Para entender o que são doenças autoimunes, é importante compreender como funciona o sistema imunológico.

 

O sistema imunológico é como um guarda-costas pessoal: está sempre atento, pronto para agir quando detecta algo perigoso no organismo. Só que, nas doenças autoimunes, esse “guarda-costas” se confunde e começa a atacar as estruturas saudáveis do corpo, acreditando que elas são invasoras.

 

Ainda não se sabe exatamente por que isso acontece. Acredita-se que fatores genéticos, infecções, desequilíbrios hormonais e até o estresse prolongado possam contribuir para essa falha de identificação.

 

A importância dos exames patológicos no diagnóstico

O diagnóstico precoce das doenças autoimunes é essencial para que o paciente tenha qualidade de vida e acesso ao tratamento adequado. Nesse processo, os exames patológicos — também chamados de exames laboratoriais — desempenham um papel fundamental.

 

Esses exames permitem identificar alterações no sangue, urina, fezes e outros fluidos corporais, além de analisar tecidos obtidos por biópsias.

 

A seguir, listamos os principais exames utilizados na investigação de doenças autoimunes:

Hemograma completo [Sangue EDTA]

Ajuda a identificar anemia, alterações em leucócitos e plaquetas — sinais que podem indicar processos autoimunes ou inflamatórios.

Velocidade de Hemossedimentação (VHS) [Sangue EDTA]

Um dos principais marcadores laboratoriais de inflamação, utilizado frequentemente na triagem de doenças inflamatórias crônicas, incluindo as autoimunes.

Proteína C Reativa Quantitativa [Soro]

Outro marcador importante de inflamação sistêmica. Seus níveis se elevam na presença de atividade inflamatória intensa.

Hormônio Tireoestimulante (TSH), Tiroxina Livre (T4 Livre) e Triiodotironina Livre (T3 Livre) [Soro]
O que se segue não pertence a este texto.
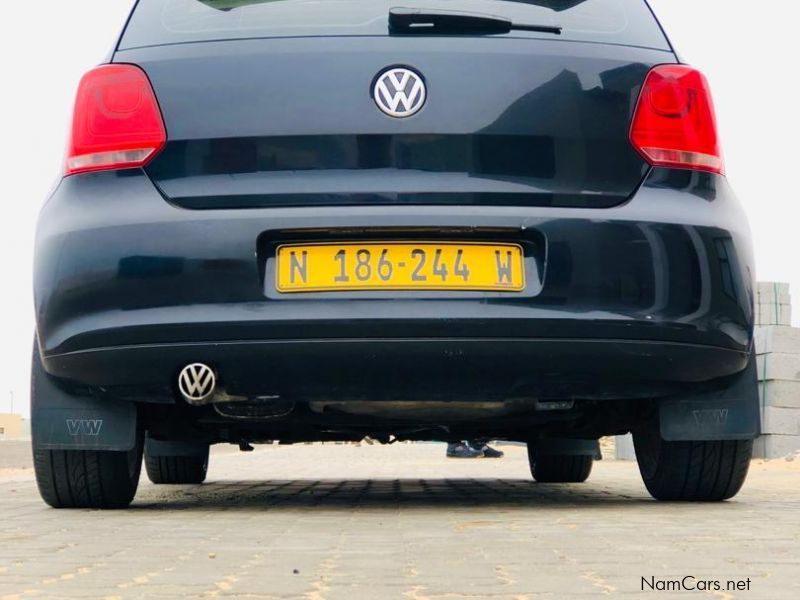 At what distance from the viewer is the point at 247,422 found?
182 inches

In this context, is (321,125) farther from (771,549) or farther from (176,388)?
(771,549)

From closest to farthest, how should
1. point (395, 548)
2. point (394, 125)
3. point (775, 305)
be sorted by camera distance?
1. point (395, 548)
2. point (394, 125)
3. point (775, 305)

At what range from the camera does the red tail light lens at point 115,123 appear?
406 cm

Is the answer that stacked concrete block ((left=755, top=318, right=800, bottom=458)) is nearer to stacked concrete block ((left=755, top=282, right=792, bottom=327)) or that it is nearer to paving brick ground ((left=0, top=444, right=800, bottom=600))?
stacked concrete block ((left=755, top=282, right=792, bottom=327))

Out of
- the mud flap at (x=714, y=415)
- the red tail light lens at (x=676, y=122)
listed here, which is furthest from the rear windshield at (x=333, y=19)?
the mud flap at (x=714, y=415)

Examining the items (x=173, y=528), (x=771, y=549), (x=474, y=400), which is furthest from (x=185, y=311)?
(x=771, y=549)

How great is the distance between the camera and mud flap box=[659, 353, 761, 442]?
4.34 metres

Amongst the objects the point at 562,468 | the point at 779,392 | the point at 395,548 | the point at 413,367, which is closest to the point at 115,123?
the point at 413,367

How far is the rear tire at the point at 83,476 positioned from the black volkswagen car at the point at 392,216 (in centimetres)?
39

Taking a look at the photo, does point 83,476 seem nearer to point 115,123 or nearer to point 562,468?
point 115,123

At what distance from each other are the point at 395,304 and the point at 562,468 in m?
3.79

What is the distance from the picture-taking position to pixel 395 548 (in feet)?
10.6

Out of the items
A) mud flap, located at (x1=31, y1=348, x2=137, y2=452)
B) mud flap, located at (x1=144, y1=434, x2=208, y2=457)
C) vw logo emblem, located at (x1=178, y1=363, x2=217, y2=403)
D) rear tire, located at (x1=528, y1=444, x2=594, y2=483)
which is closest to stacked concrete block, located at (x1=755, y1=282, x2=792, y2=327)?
rear tire, located at (x1=528, y1=444, x2=594, y2=483)

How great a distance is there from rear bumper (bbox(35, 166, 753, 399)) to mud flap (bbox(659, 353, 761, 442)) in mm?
Answer: 245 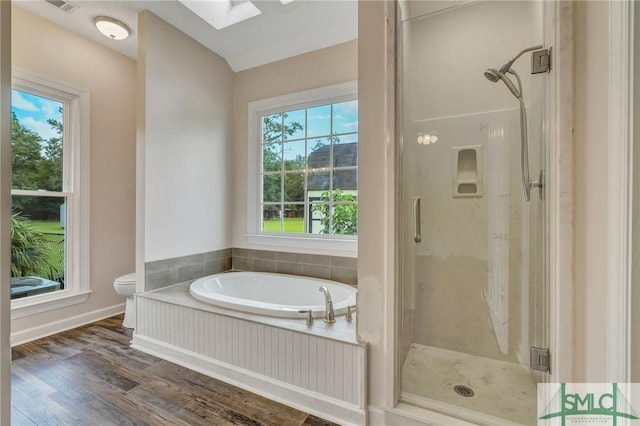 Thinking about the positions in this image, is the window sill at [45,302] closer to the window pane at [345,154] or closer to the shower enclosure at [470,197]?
the window pane at [345,154]

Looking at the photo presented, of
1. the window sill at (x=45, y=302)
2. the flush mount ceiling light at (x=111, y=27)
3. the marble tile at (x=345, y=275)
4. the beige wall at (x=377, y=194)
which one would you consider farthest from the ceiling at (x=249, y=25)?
the window sill at (x=45, y=302)

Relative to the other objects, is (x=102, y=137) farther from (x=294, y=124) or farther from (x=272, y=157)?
(x=294, y=124)

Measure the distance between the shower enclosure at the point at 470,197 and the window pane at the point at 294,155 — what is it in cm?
127

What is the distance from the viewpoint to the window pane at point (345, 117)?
2723mm

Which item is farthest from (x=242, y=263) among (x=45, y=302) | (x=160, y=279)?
(x=45, y=302)

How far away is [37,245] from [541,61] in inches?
148

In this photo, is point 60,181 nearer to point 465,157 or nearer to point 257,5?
point 257,5

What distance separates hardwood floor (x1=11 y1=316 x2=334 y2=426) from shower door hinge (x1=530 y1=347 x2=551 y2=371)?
3.52 ft

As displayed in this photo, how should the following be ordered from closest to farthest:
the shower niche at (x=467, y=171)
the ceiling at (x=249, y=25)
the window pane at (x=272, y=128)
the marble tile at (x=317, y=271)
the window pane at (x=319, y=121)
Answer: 1. the shower niche at (x=467, y=171)
2. the ceiling at (x=249, y=25)
3. the marble tile at (x=317, y=271)
4. the window pane at (x=319, y=121)
5. the window pane at (x=272, y=128)

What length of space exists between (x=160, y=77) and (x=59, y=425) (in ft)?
8.02

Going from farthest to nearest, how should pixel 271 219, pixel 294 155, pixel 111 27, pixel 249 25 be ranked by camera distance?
pixel 271 219
pixel 294 155
pixel 249 25
pixel 111 27

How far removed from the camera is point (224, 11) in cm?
253

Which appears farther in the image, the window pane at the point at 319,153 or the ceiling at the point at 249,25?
the window pane at the point at 319,153

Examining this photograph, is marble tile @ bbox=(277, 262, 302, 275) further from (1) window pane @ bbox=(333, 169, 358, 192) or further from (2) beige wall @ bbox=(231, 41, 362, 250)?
(1) window pane @ bbox=(333, 169, 358, 192)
Avaliam o funcionamento da tireoide. Alterações nesses hormônios podem indicar doenças autoimunes como a tireoidite de Hashimoto ou a Doença de Graves.

Vitamina D (25-OH) [Soro]

A deficiência de vitamina D é comum em doenças autoimunes. Esse exame ajuda a avaliar os níveis desse nutriente essencial para a modulação do sistema imunológico.

 

Vitamina B12 e Ácido Fólico [Soro]

Importantes para o funcionamento neurológico e hematológico, seus níveis baixos podem estar associados a condições autoimunes, como a anemia perniciosa.
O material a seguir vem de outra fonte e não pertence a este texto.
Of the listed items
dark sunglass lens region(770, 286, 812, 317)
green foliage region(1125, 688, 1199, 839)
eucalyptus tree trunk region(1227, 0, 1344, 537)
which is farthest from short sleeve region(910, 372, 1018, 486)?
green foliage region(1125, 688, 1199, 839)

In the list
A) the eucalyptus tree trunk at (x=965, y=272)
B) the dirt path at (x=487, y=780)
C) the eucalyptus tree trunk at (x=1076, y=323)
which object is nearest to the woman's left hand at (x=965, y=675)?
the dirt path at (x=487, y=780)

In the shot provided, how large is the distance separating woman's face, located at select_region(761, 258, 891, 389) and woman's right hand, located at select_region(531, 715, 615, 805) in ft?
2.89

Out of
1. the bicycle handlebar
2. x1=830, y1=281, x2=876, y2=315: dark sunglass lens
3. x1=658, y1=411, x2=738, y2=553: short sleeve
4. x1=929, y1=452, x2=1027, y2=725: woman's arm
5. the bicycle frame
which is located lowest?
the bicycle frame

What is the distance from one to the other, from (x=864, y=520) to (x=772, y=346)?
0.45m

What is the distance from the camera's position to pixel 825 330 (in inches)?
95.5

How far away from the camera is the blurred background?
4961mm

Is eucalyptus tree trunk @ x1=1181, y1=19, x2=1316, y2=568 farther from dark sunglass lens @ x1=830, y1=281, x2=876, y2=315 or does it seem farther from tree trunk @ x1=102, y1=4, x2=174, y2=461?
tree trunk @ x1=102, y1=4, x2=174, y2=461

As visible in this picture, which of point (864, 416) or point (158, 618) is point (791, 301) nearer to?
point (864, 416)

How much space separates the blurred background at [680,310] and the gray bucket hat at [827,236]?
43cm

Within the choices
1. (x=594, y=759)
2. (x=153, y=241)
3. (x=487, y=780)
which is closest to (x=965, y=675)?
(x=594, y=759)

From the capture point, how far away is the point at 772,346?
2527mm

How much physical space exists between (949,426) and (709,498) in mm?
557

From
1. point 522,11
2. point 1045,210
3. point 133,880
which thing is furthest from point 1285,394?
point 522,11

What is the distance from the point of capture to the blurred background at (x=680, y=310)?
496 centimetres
Sintomas que merecem atenção médica

Nem sempre é fácil perceber que há algo errado. Muitos pacientes convivem por anos com sintomas vagos até que conseguem um diagnóstico claro. Por isso, é fundamental prestar atenção ao corpo.

 

Alguns sinais que merecem investigação:

  • Fadiga constante, sem causa aparente;
  • Dores articulares ou musculares;
  • Alterações na pele (vermelhidão, manchas, descamações);
  • Queda excessiva de cabelo;
  • Febre baixa persistente;
  • Problemas gastrointestinais recorrentes;
  • Dificuldade de concentração ou perda de memória recente;
  • Mudanças de humor ou irritabilidade;
  • Alterações menstruais ou infertilidade.

 

Quanto mais cedo esses sinais forem investigados, maiores as chances de iniciar um tratamento adequado e prevenir complicações.

 

Papel do laboratório na jornada do paciente

O laboratório de exames médicos atua como um parceiro essencial no diagnóstico e monitoramento das doenças autoimunes. Com tecnologia avançada e profissionais qualificados, é possível oferecer exames de alta sensibilidade e especificidade, capazes de detectar alterações ainda em estágios iniciais da doença.

 

Além do diagnóstico, os exames laboratoriais são importantes para acompanhar a evolução da doença e a eficácia do tratamento. Como as doenças autoimunes costumam ter fases de remissão e recaída, o monitoramento contínuo é fundamental para o ajuste de medicamentos e estratégias terapêuticas.

 

Educação e conscientização

Nos dias de hoje, uma parte importante do trabalho dos laboratórios, é também a educação e conscientização da população sobre o que são doenças autoimunes. Informar pacientes e familiares sobre os sinais de alerta e a importância da realização de exames preventivos pode acelerar o diagnóstico e evitar complicações.